With the Mayan cataclysm due in just under a month, it seems appropriate that we should now turn to playwright Declan Greene, one the younger members of Melbourne's "apocalypse generation", that loose collection of theatre makers driven by pop-influenced transcendental imagery who, from about 2005, began orbiting around the Malthouse Theatre.
Greene is joined here by director Matthew Lutton and designer Nick Schlieper, both more than comfortable in the transcendental mode, for a nightmare vision of childhood celebrity in the city of Los Angeles.
It opens with an ominously surreal sequence apparently set in Judy Garland's dressing room. Judy is joined by Dana Plato and Jonathon Brandis, among other studio-types, and their various social and professional problems – principally the failure to adjust once childhood's ticket has expired – are spliced with earthquake paranoia, social commentary and a twisted script reading of the Tommy Lee Jones' disaster flick Volcano (1997). It soon becomes apparent that what we're seeing is a sort of traumatic hallucination, which eventually dissolves as the dreamer, an unnamed former child star, emerges into painful consciousness.
In their interview with Time Out, Greene and Lutton speak about trying to capture the sense of "inertia and boredom" that characterises Hollywood life between takes.

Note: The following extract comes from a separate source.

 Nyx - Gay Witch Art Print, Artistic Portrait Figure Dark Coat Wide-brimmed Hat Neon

It might be that they indulged too much in this theme, as Pompeii, L.A. struggles to hold a consistent sense of dramatic tension or development. At times the odd pacing and faintly nauseating discontinuities do create a sense of apprehension, but this is dissipated by some laborious set changes and a stilted rhythm.

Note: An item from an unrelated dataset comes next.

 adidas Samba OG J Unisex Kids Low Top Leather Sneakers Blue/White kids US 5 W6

It's also quite grim. The script feels comic – there are lines and exchanges that seem perfect for a more boisterous presentation, particularly given all the celebrity allusions that Greene builds on – but this production is consistently cold-eyed and gloomy, always stepping back from those scenes with the most comic potential. At its best, this creates a certain Pinter-ish anxiety; too often, however, it has a flattening, almost deadening, effect on the drama.
As the only original piece of Australian writing on the Malthouse's main stage this season, there might be a certain amount of pressure on Pompeii to be more than just a tight, chamber piece, pressure, that is, to match the spectacle of the season's earlier director-led adaptations. A smaller design, however, might have given it more intensity and dynamism. It might, for instance, have allowed for a subtler blending of the opening dream, allowing a more nuanced visual code. It might also have allowed the dreamer to surface into the final act – set in a hospital – with some of the cultural unease developed in the first two acts still clinging to him.
The cast have some fun with the accents and the sterotypes, but it doesn't feel as if they are really given enough to work with. Belinda McClory's Judy Garland is likable and Greg Stone gets a powerful moment in the opening act, which he doesn't squander. David Harrison is convincing in a numb sort of way as the child star, but Anna Samson, Tony Nikolakopoulos and Luke Ryan aren't given much opportunity.
The play has an impressive structure, moving decisively from ironic deep-dreaming to a quiet, episodic tragedy, but it does sometimes feel like a freightless container, a design lacking a decisive animating argument. Trying follow and trace the details gathered from contemporary and historical Hollywood disasters, natural and human, keeps the audience engaged, but in a rather cool way, and Lutton relies too heavily on design elements, like the wrecked Porsche portentously carted on and off and on again, or David Franzke's ear-splitting white-noise, to generate a sense of crisis, all of which tend to obscure the potential life – intellectual or emotional – of the piece.